---------- DATA SHOWN

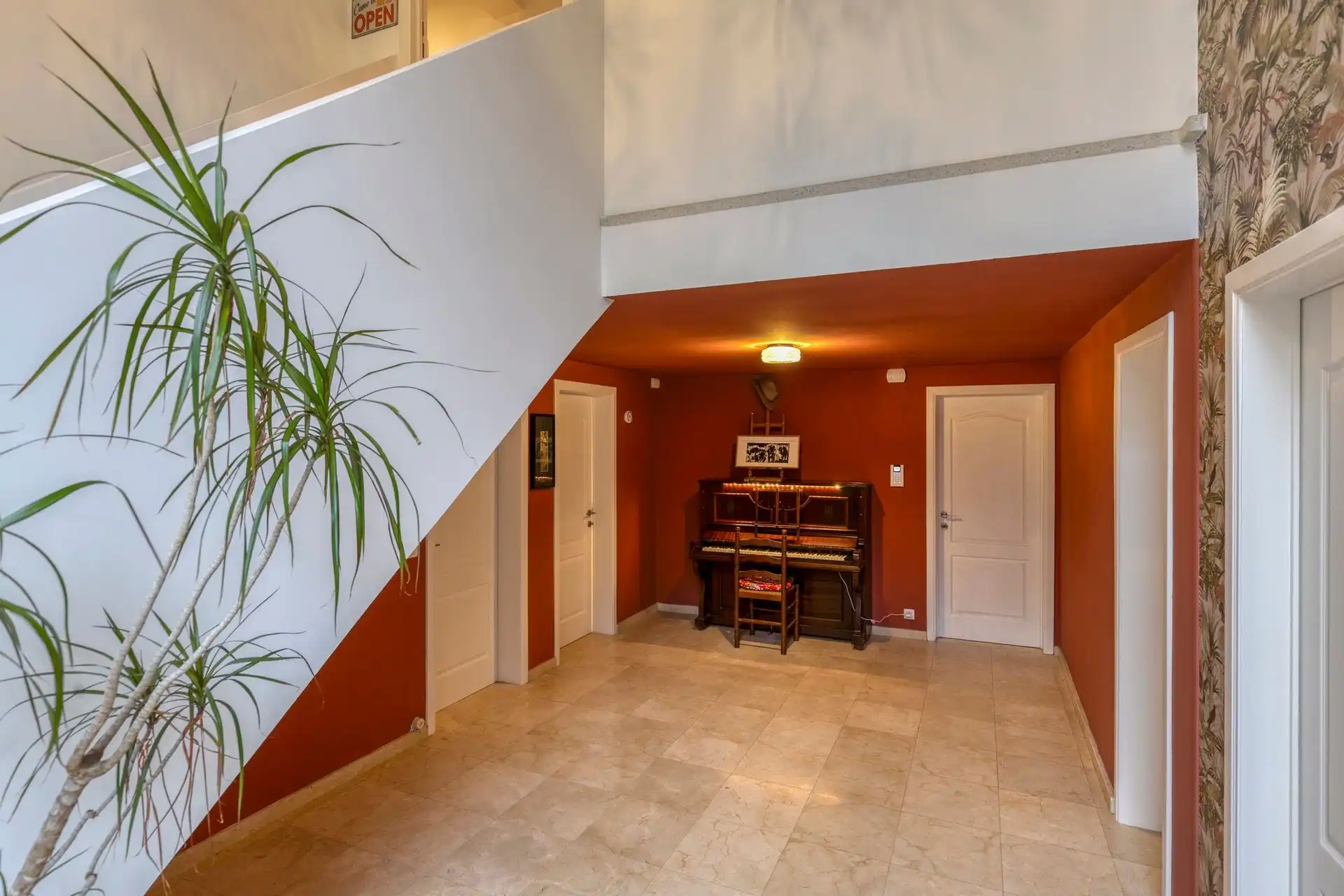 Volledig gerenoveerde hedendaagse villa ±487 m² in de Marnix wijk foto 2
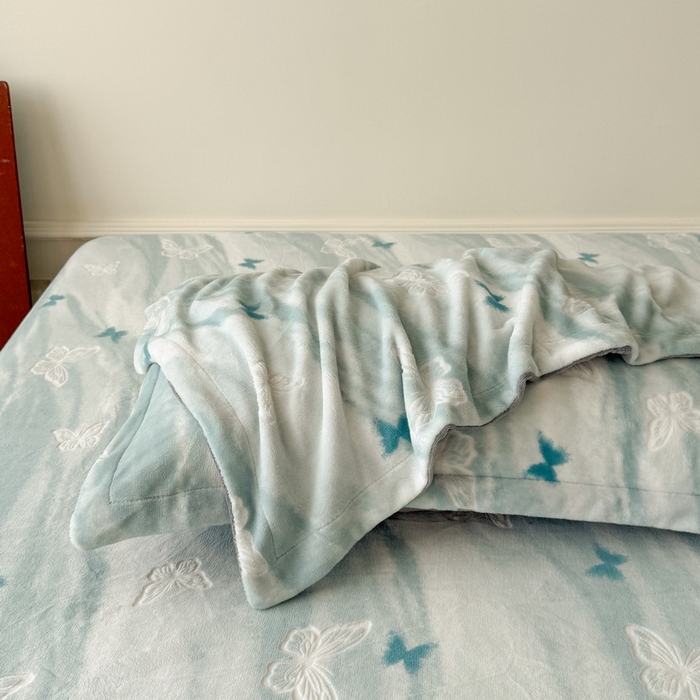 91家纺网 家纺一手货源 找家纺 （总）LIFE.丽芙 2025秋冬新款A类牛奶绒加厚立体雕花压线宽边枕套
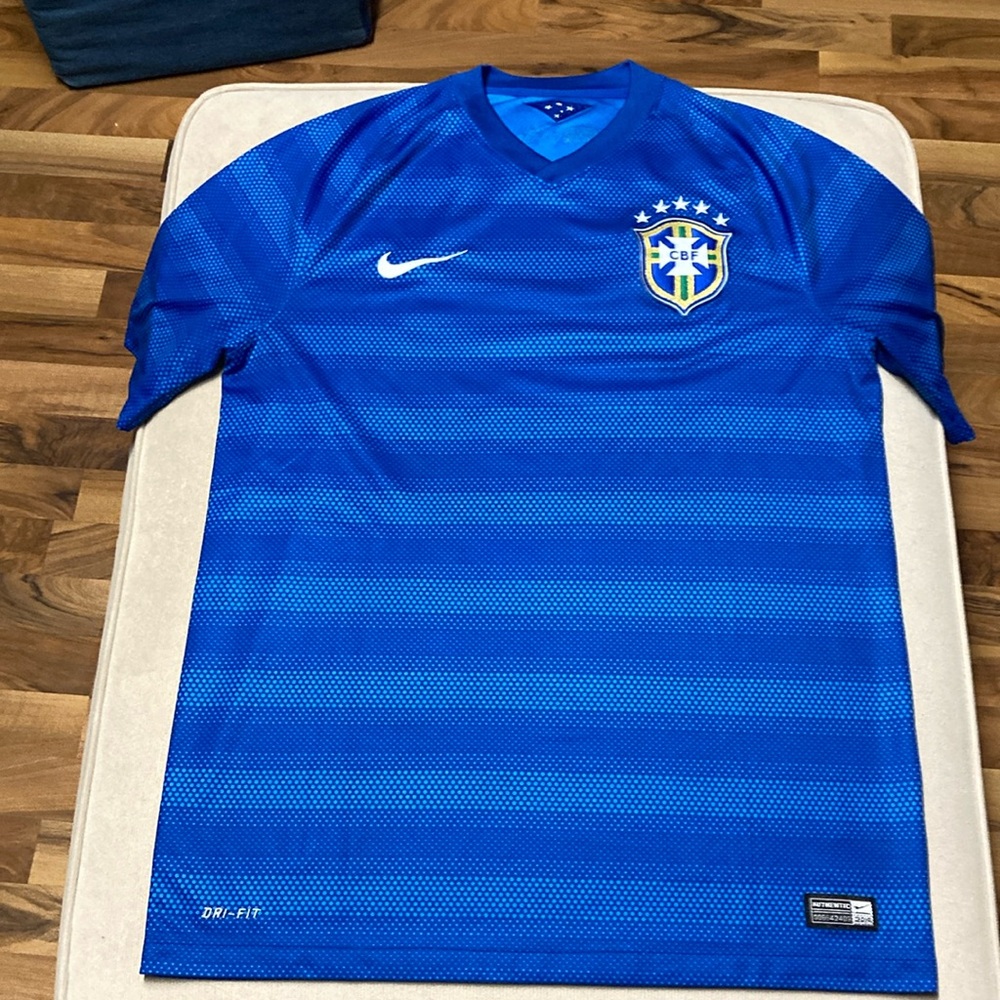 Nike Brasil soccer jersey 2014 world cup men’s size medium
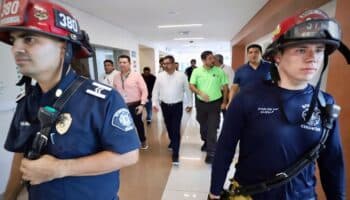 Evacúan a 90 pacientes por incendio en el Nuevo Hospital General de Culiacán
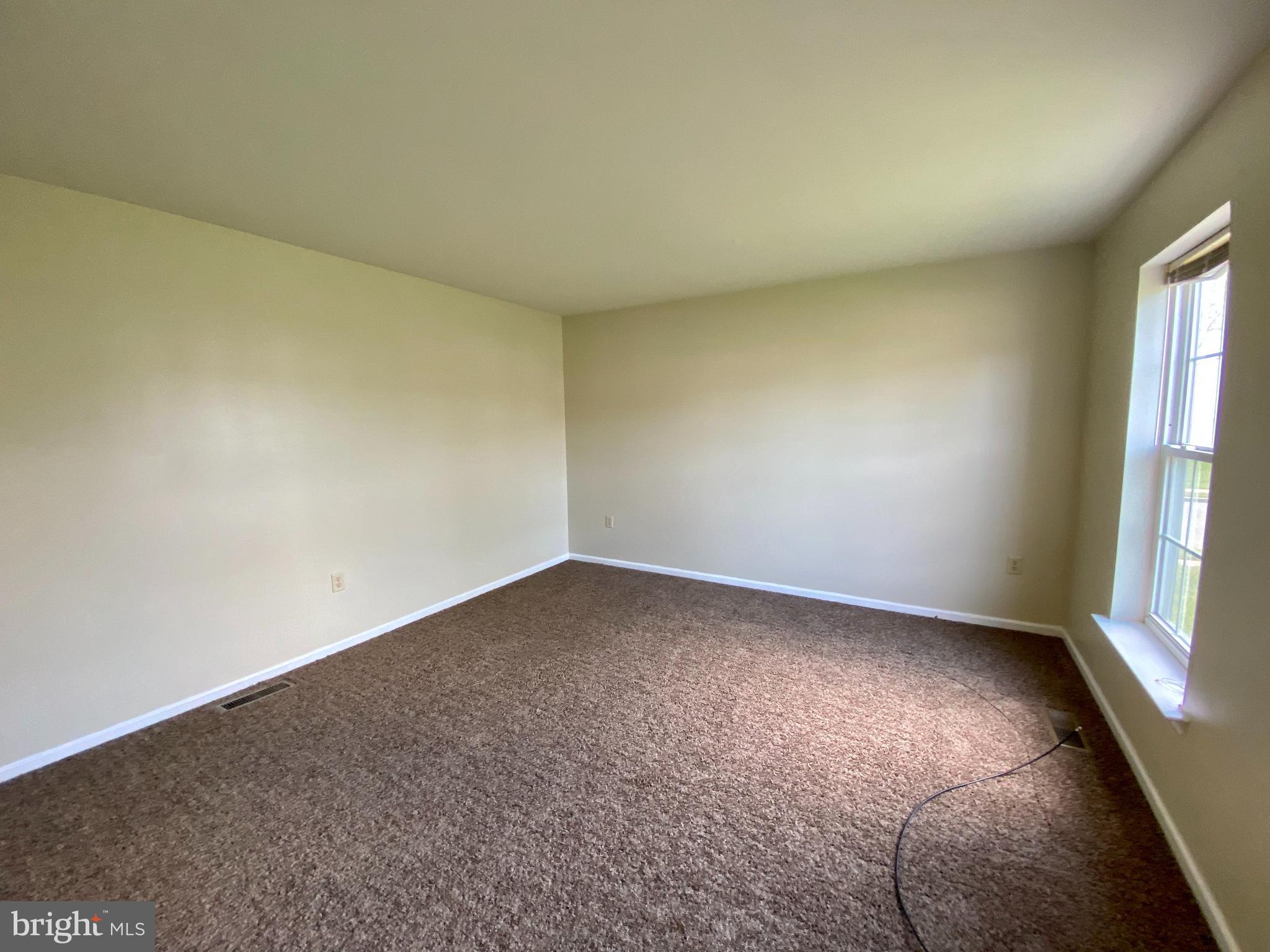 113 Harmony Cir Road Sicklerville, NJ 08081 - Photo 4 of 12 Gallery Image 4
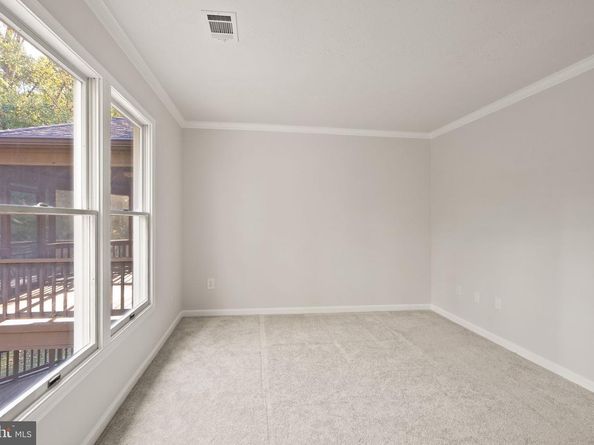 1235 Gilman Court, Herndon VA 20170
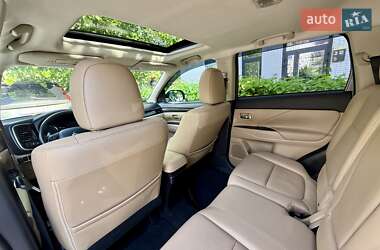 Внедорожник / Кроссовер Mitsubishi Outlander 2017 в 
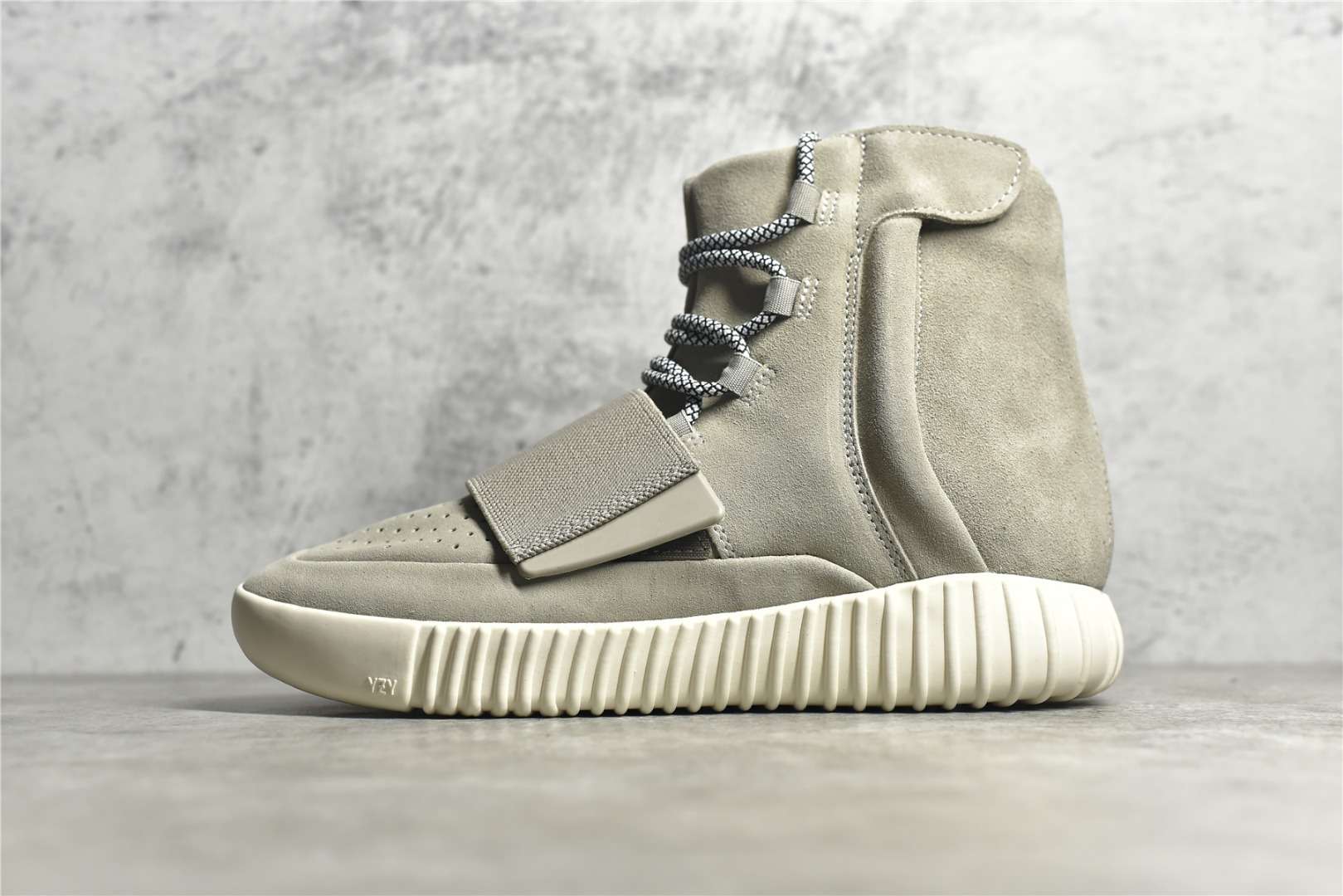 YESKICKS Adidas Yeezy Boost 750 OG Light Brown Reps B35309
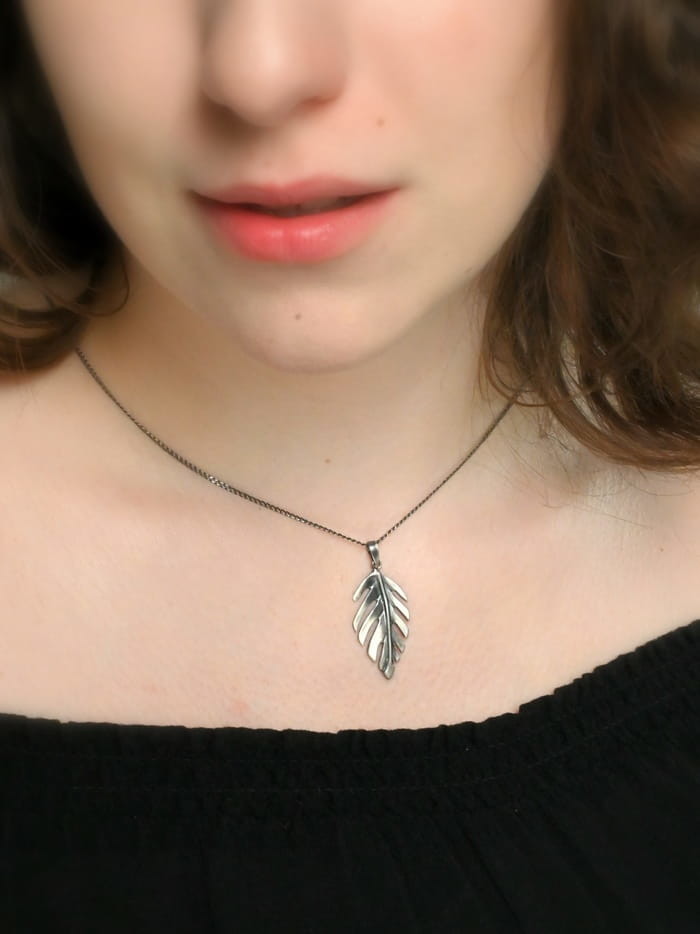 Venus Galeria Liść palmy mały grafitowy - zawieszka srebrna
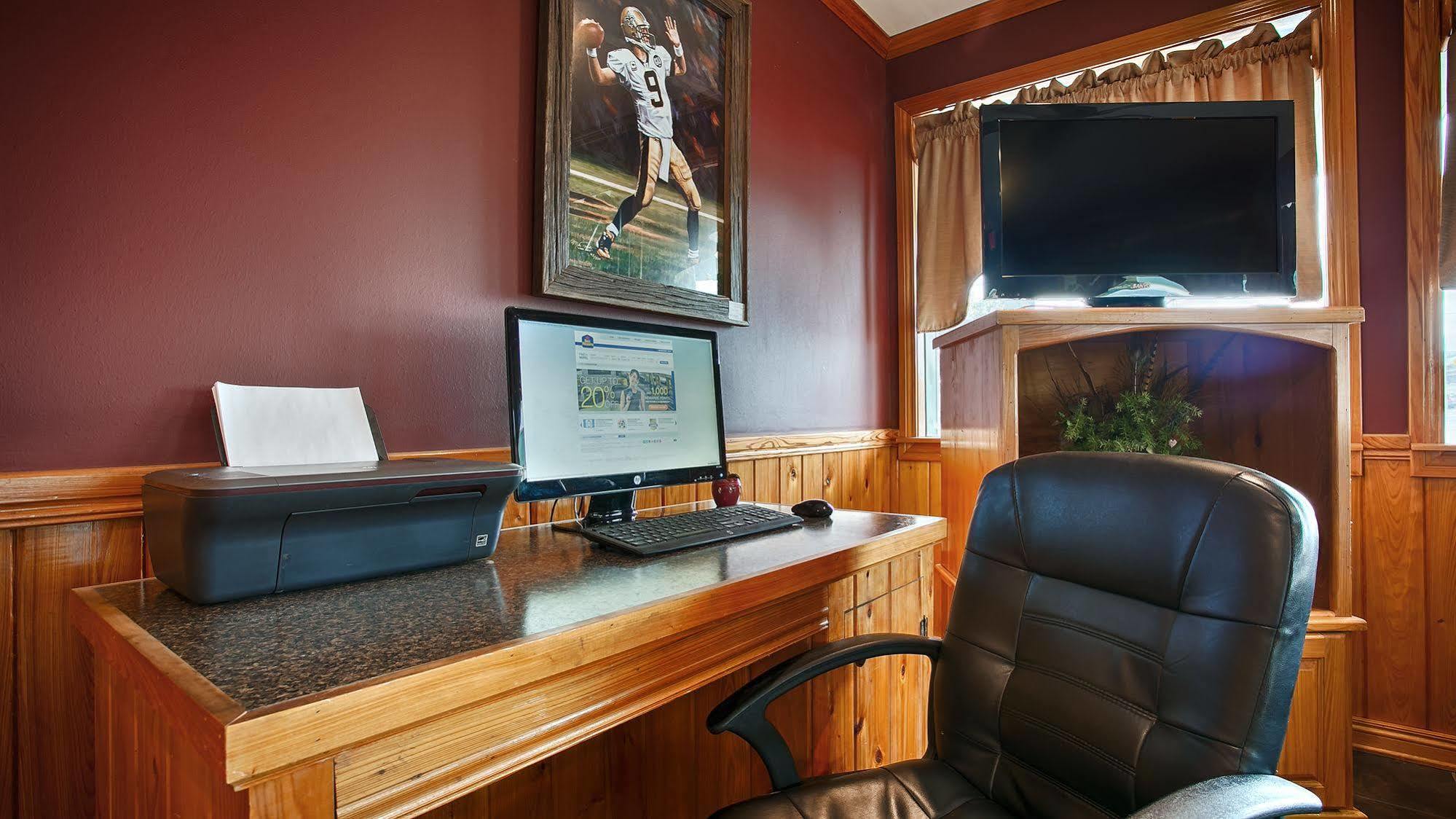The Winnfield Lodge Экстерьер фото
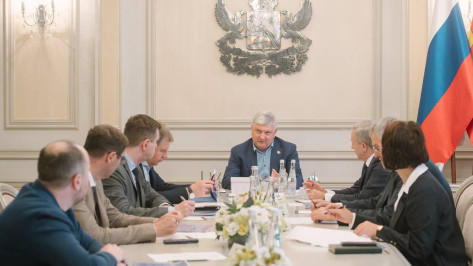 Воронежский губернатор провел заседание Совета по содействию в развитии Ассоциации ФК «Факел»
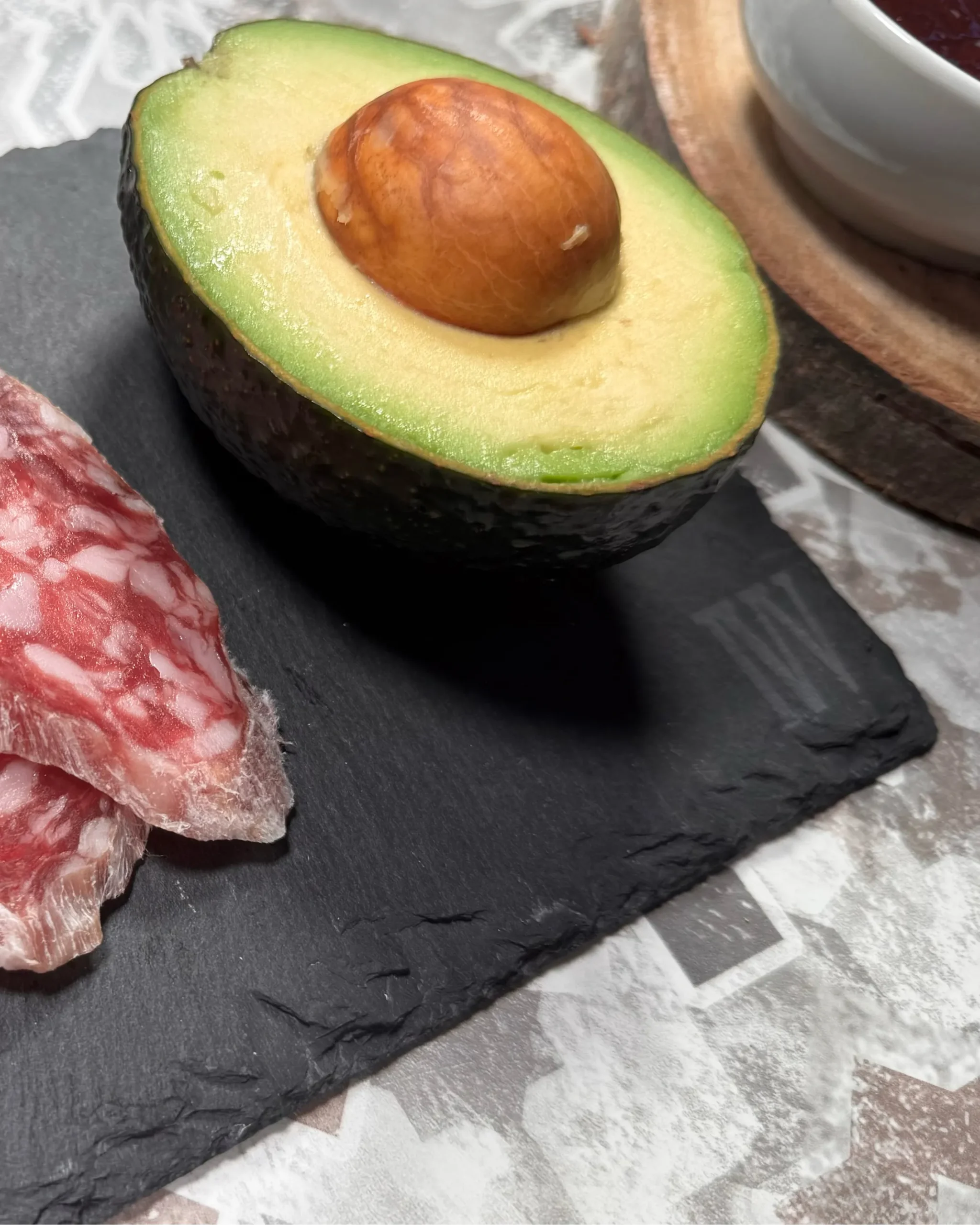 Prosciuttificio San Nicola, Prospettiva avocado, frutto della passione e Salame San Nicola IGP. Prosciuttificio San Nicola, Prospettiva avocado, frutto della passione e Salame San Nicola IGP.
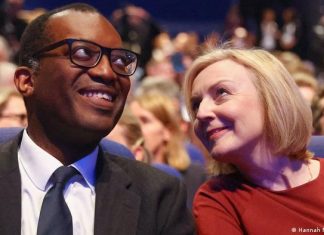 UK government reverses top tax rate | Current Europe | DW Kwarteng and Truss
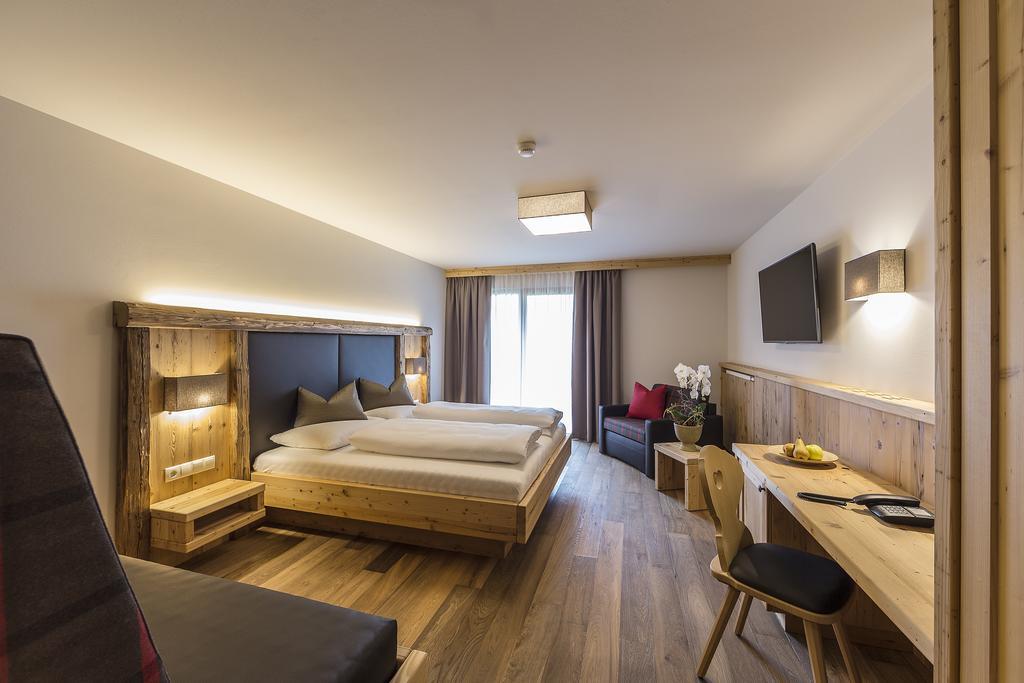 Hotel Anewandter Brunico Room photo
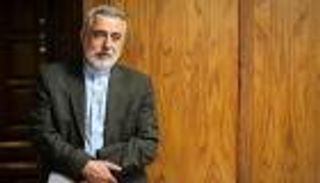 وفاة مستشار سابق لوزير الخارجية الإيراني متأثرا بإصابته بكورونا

--------------------

WHAT YOU NEED TO DO
Reprint the listing above exactly, without images.

RESPONSE AREA
 Volledig gerenoveerde hedendaagse villa ±487 m² in de Marnix wijk foto 2
 91家纺网 家纺一手货源 找家纺 （总）LIFE.丽芙 2025秋冬新款A类牛奶绒加厚立体雕花压线宽边枕套
 Nike Brasil soccer jersey 2014 world cup men’s size medium
 Evacúan a 90 pacientes por incendio en el Nuevo Hospital General de Culiacán
 113 Harmony Cir Road Sicklerville, NJ 08081 - Photo 4 of 12 Gallery Image 4
 1235 Gilman Court, Herndon VA 20170
 Внедорожник / Кроссовер Mitsubishi Outlander 2017 в 
 YESKICKS Adidas Yeezy Boost 750 OG Light Brown Reps B35309
 Venus Galeria Liść palmy mały grafitowy - zawieszka srebrna
The Winnfield Lodge Экстерьер фото
 Воронежский губернатор провел заседание Совета по содействию в развитии Ассоциации ФК «Факел»
 Prosciuttificio San Nicola, Prospettiva avocado, frutto della passione e Salame San Nicola IGP. Prosciuttificio San Nicola, Prospettiva avocado, frutto della passione e Salame San Nicola IGP.
 UK government reverses top tax rate | Current Europe | DW Kwarteng and Truss
 Hotel Anewandter Brunico Room photo
 وفاة مستشار سابق لوزير الخارجية الإيراني متأثرا بإصابته بكورونا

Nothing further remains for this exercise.